## Exercise aim
Every line of the material below needs to be copied exactly; omit the pictures.
#### Source records ####
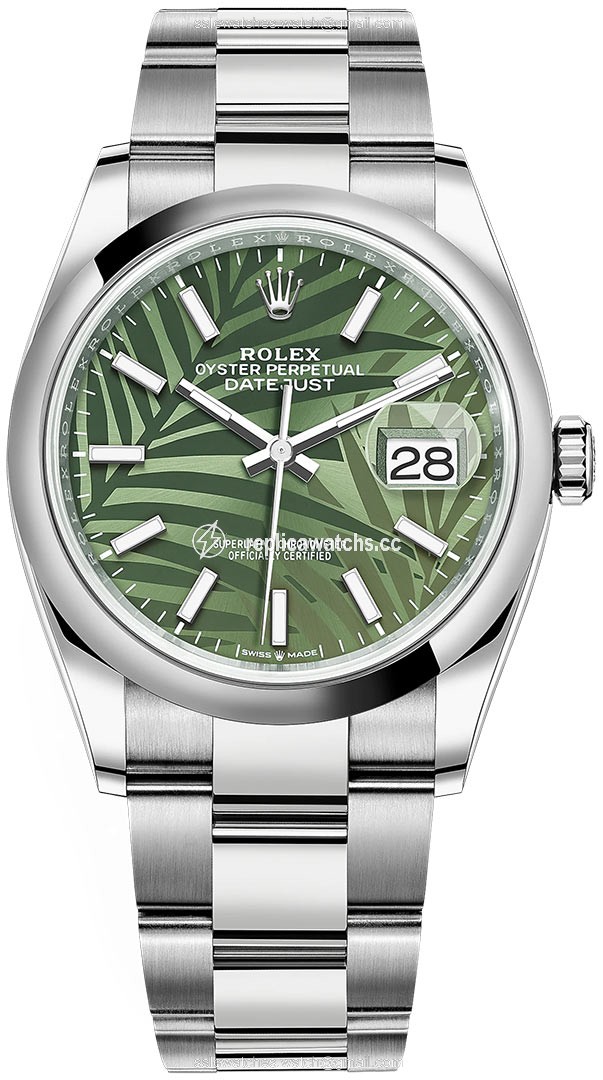 Replica 126200 Olive Green Palm Oyster Rolex Datejust 36mm Stainless Steel Midsize Watch Replica 126200 Olive Green Palm Oyster Rolex Datejust 36mm Stainless Steel Midsize Watch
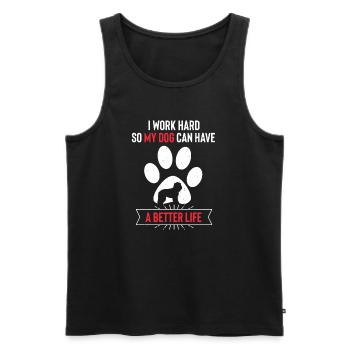 Barbet - Men's Premium Organic Tank Top - black - Front - Michal (187cm)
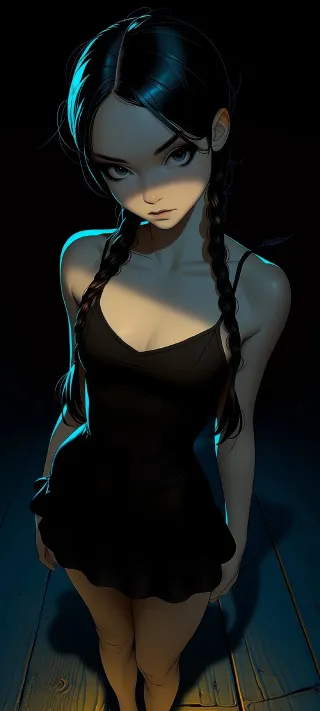 Braided Girl in Black phone wallpaper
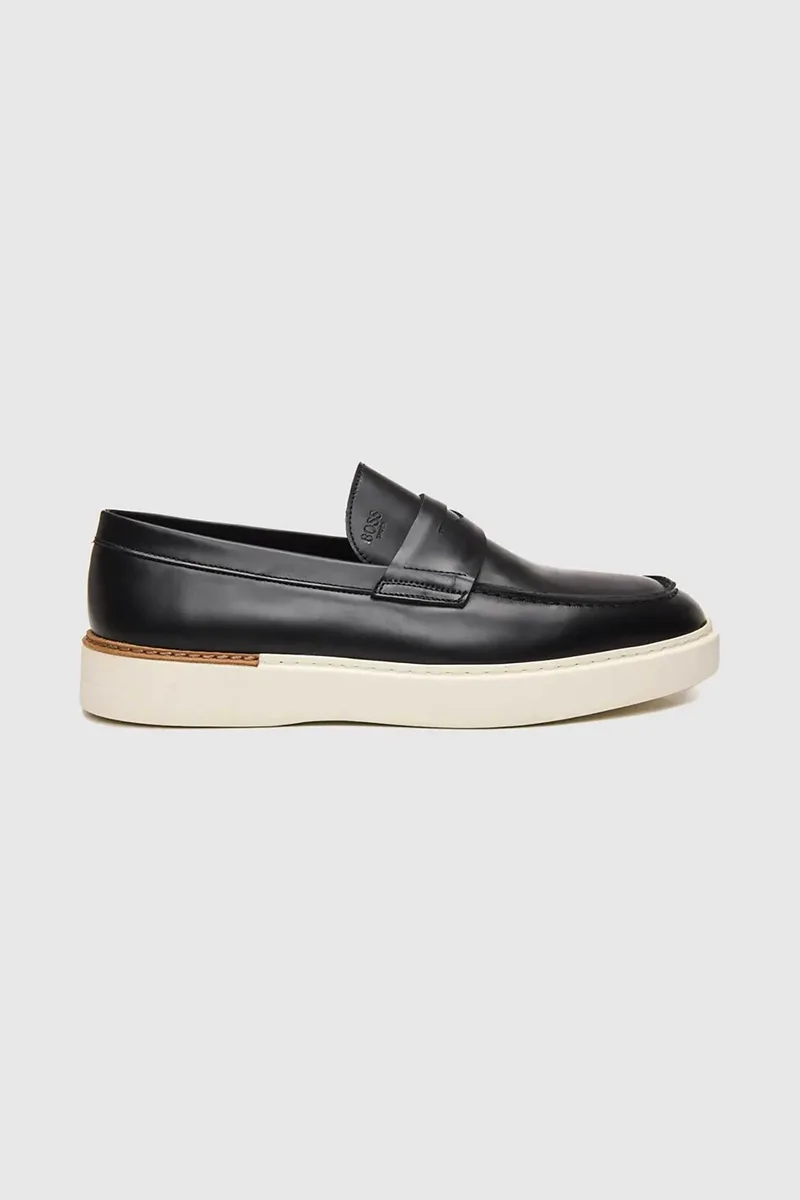 Boss Shoes ανδρικά δερμάτινα loafers - D7864 Μαύρο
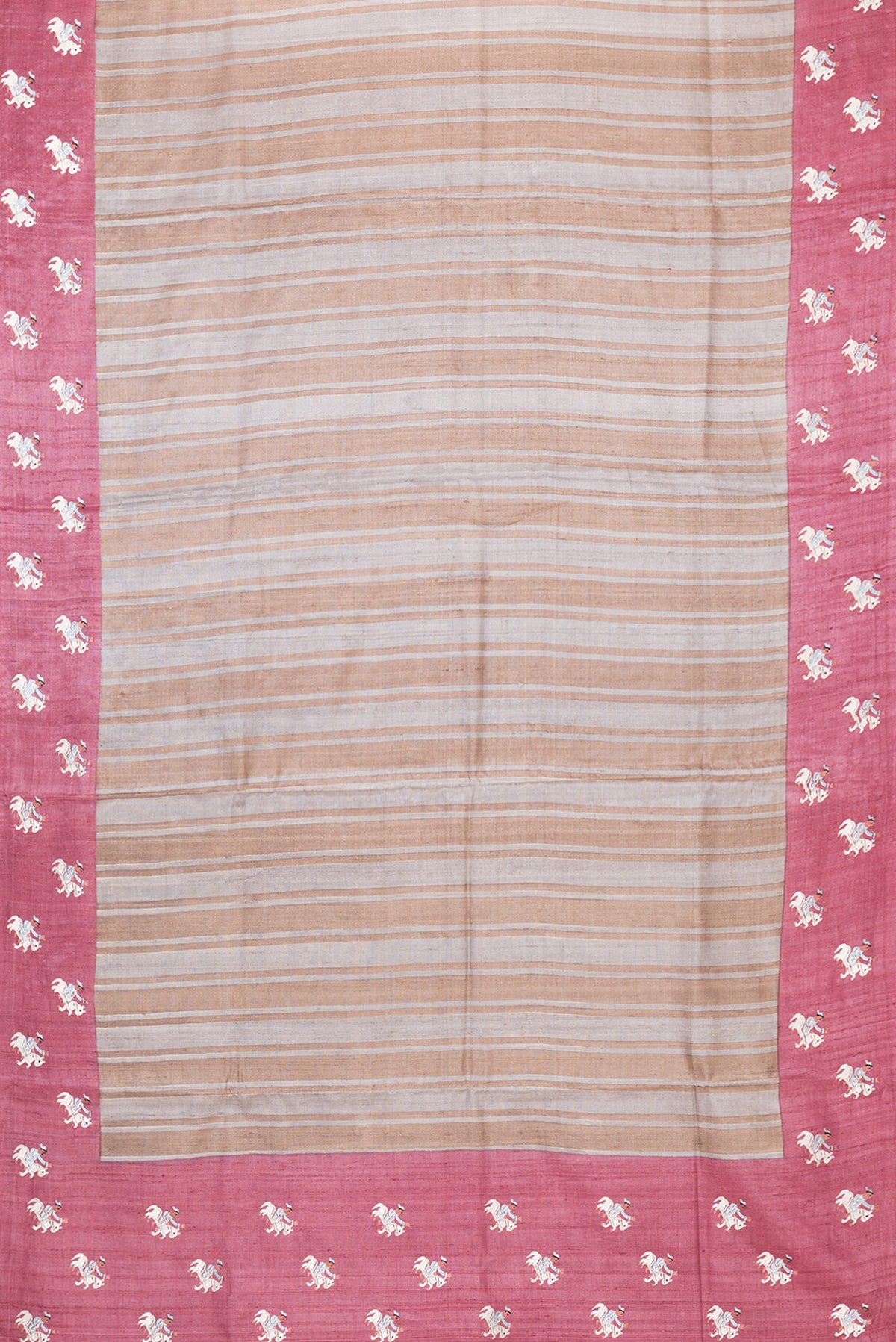 Flat view of Grey Dual Tone Tussar Silk Saree with Stripes on the body and Embroidery Border. 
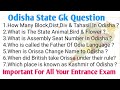 Odisha Gk Question ! Odisha State Gk Question & Answer ! Odisha History,Geography Most Important Gk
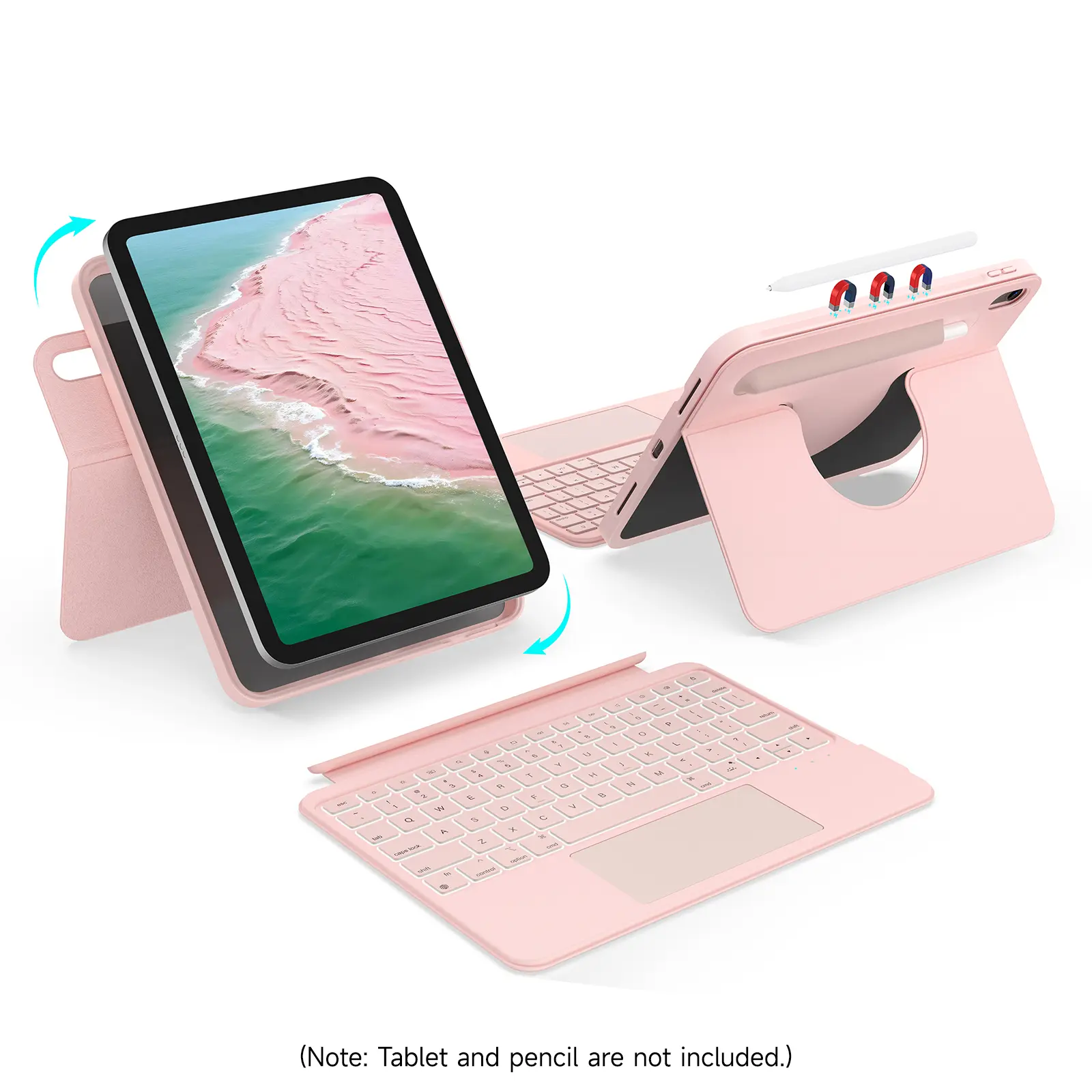 accrosoo for iPad A16 11 Gen 2025 & iPad 10th Gen 2022 10.9",iPad Air 11-inch(M3/M2) & iPad Pro(4/3/2/1 Gen) & 10.9" Air 5th/4th 360° Rotatable & Detachable Magnetic Keyboard Case with Trakpad, Portrait & Landscape, Full Protect, 170° Angle,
####
## Solution below
 Replica 126200 Olive Green Palm Oyster Rolex Datejust 36mm Stainless Steel Midsize Watch Replica 126200 Olive Green Palm Oyster Rolex Datejust 36mm Stainless Steel Midsize Watch
 Barbet - Men's Premium Organic Tank Top - black - Front - Michal (187cm)
 Braided Girl in Black phone wallpaper
 Boss Shoes ανδρικά δερμάτινα loafers - D7864 Μαύρο
 Flat view of Grey Dual Tone Tussar Silk Saree with Stripes on the body and Embroidery Border. 
 Odisha Gk Question ! Odisha State Gk Question & Answer ! Odisha History,Geography Most Important Gk
 accrosoo for iPad A16 11 Gen 2025 & iPad 10th Gen 2022 10.9",iPad Air 11-inch(M3/M2) & iPad Pro(4/3/2/1 Gen) & 10.9" Air 5th/4th 360° Rotatable & Detachable Magnetic Keyboard Case with Trakpad, Portrait & Landscape, Full Protect, 170° Angle,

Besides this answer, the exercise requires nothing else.